The provided dispatch(&self, msg: ClientMessage) -> Stream<Item = ServerMessage> method routes a raw ClientMessage to the correct handler. Request-response operations yield exactly one ServerMessage; streaming operations yield many. Errors are mapped to ErrorMsg { code, message } using HTTP status codes with their standard semantics: 400 (bad request), 404 (not found), 500 (internal error).

Client trait

Two required transport primitives:

  • request(ClientMessage) -> Result<ServerMessage> — single round-trip.
  • request_stream(ClientMessage) -> Stream<Item = Result<ServerMessage>> — raw streaming read.

Typed provided methods (send, stream, ping, get_config, set_config) handle message construction, response unwrapping, and sentinel detection. The stream() method consumes events via take_while until StreamEnd and maps each frame through TryFrom<ServerMessage> for type-safe event extraction.

Conversions (message::convert)

From impls wrap typed messages into envelopes (SendMsg -> ClientMessage, SendResponse -> ServerMessage). TryFrom impls unwrap in the other direction, returning an error for unexpected variants. This keeps call sites clean — no manual enum construction.

Alternatives

JSON over WebSocket. Simpler to debug with curl, but larger payloads and no schema enforcement. Protobuf catches schema mismatches at compile time.

gRPC service definitions. Would provide streaming and code generation out of the box, but brings HTTP/2, tower middleware, and tonic as dependencies. The current approach is lighter: raw protobuf frames over a length-prefixed stream, with hand-written trait dispatch.

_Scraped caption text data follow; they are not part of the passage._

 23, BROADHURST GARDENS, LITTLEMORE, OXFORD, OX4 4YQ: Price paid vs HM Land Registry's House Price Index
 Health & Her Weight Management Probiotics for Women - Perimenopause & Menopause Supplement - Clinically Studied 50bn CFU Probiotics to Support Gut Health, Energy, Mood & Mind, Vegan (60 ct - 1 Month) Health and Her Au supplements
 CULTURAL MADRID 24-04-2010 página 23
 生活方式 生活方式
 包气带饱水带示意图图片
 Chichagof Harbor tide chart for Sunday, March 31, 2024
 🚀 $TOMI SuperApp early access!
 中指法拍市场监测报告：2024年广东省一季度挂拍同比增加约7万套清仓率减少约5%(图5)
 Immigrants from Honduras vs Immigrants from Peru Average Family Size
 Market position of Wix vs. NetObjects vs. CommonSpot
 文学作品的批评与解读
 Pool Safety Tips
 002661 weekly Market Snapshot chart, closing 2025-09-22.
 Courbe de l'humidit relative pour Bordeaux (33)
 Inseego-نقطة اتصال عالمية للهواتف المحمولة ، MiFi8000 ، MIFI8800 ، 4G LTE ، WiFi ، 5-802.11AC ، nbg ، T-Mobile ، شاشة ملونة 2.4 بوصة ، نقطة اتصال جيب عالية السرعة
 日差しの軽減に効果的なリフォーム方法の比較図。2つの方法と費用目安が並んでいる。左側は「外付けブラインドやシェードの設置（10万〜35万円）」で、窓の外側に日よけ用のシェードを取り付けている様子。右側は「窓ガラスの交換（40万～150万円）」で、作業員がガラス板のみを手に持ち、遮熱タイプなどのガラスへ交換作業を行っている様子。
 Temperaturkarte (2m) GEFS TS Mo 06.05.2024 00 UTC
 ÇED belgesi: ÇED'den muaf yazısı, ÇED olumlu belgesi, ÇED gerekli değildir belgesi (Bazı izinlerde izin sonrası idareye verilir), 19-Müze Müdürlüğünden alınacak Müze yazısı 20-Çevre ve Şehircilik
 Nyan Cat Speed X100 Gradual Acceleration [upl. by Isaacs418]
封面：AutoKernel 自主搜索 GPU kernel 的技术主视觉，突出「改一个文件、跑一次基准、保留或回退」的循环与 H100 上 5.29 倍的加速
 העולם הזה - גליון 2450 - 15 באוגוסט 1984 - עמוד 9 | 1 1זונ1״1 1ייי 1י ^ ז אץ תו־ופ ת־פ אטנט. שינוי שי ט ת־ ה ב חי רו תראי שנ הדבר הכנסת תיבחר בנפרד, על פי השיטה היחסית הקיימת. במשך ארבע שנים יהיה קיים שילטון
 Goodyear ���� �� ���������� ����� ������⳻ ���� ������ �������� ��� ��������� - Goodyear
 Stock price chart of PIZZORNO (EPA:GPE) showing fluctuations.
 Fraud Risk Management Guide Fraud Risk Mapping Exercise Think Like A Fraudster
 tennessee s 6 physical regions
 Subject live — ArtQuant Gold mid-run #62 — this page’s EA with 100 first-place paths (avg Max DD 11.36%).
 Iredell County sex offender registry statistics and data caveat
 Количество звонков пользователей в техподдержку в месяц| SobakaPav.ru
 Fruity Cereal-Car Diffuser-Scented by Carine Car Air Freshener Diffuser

Separate request/response ID correlation. The protocol is connection-scoped and sequential — one outstanding request per connection at a time. This is a fundamental design constraint: clients must wait for a response before sending the next request. No need for request IDs or multiplexing. If multiplexing is needed later, it belongs in the transport layer, not the protocol.

Unresolved Questions

  • Should the protocol negotiate a version on connect to detect client/server mismatches?
  • Should StreamEnd carry structured error information (code + message) instead of a plain string?
  • Should there be a ClientMessage variant for subscribing to a specific session’s events rather than all events?